WHAT YOU NEED TO DO: Retype exactly the lines below, starting with the line that contains "Encabeza Tamaulipas crecimiento" and ending with the last line; leave out any pictures.

···

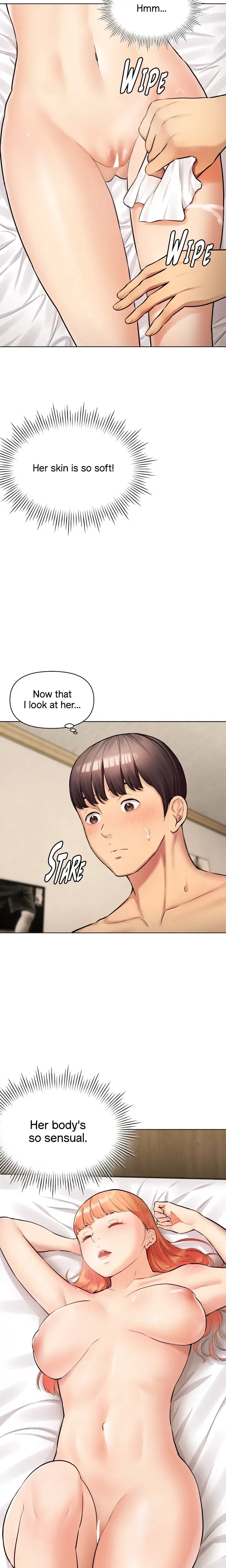 Girls I Couldn T Have Chapter 8 - Page 17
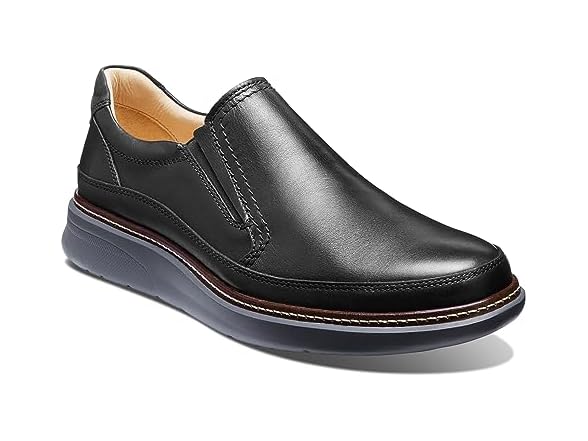 Samuel Hubbard Rafael Slip-On Black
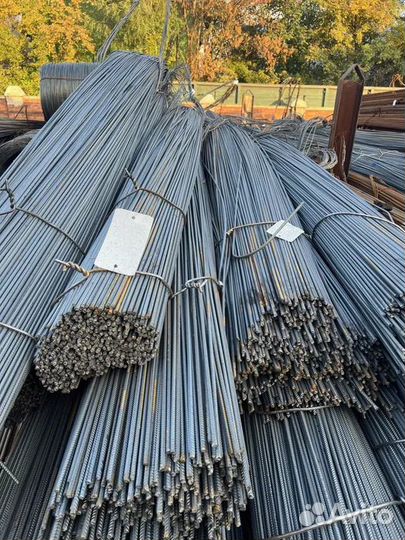 Арматура. Производитель. Рифлённая и гладкая. От т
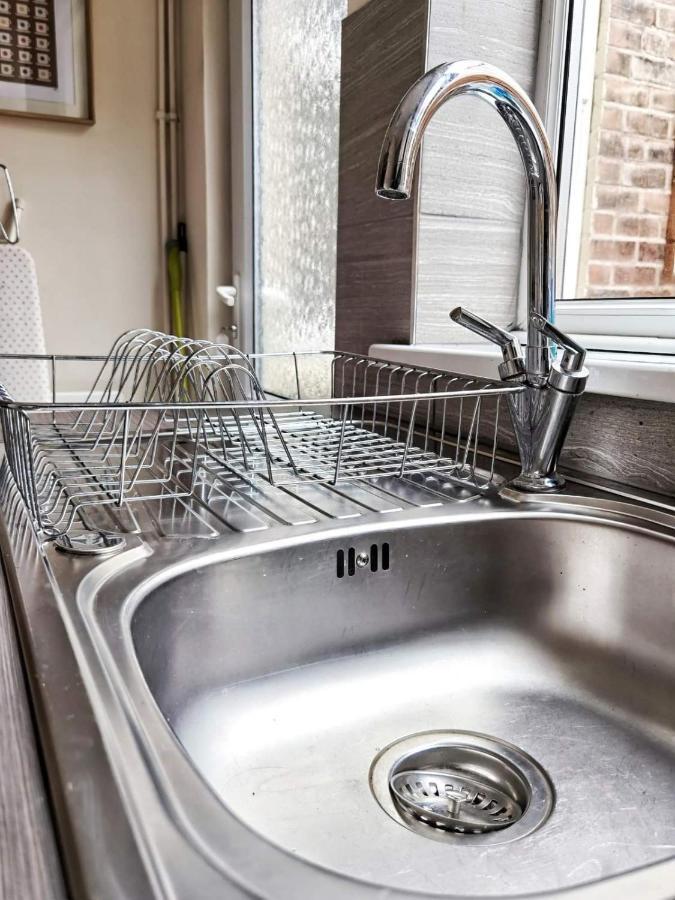Kenrick Street Great House Available For Guests And Contractors Parking And Wifi Villa Nottingham Luaran gambar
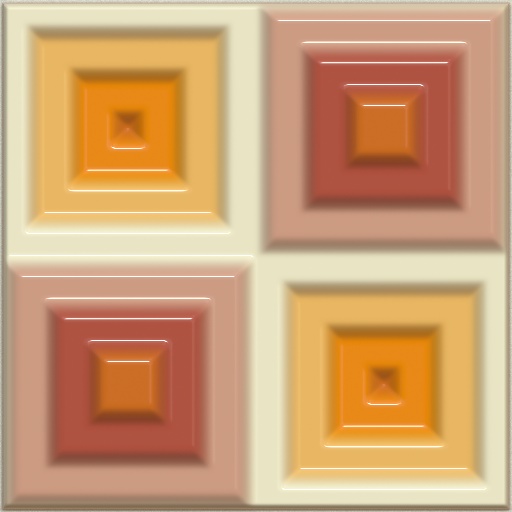 Funny ceramic tillies (Texture)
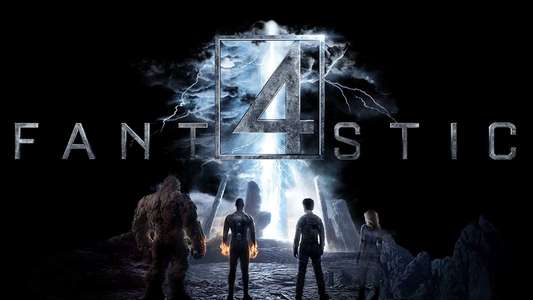 Fantastic Four - Backdrops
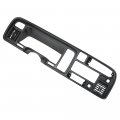 G-plus Radio Trim Panel Surround Black Dashboard Oem Compatible With 1994-1997 Dodge Ram Dash Bezel 55114870-1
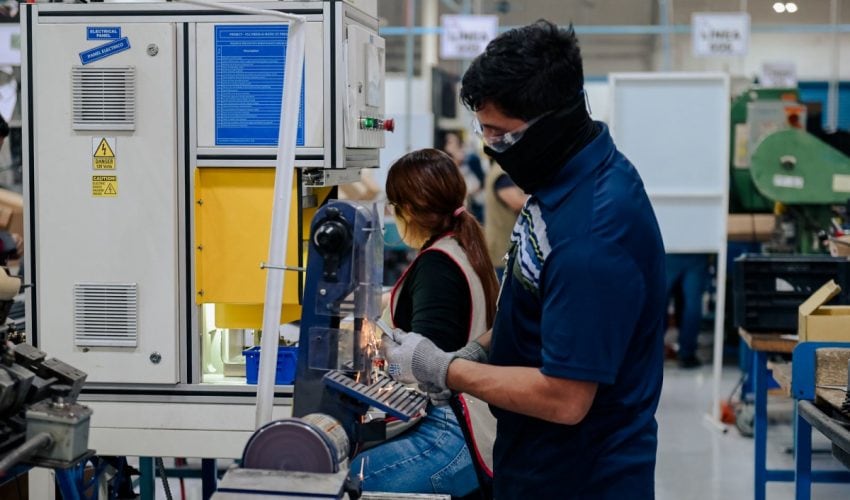 Encabeza Tamaulipas crecimiento industrial en el país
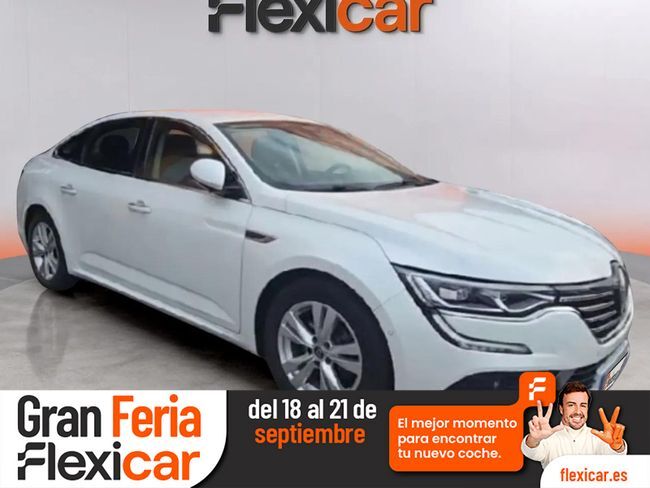 RENAULT Talisman (Zen Blue dCi 110 kW (150CV) - SS) en Asturias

···

SOLUTION FOR THIS TASK:
 Encabeza Tamaulipas crecimiento industrial en el país
 RENAULT Talisman (Zen Blue dCi 110 kW (150CV) - SS) en Asturias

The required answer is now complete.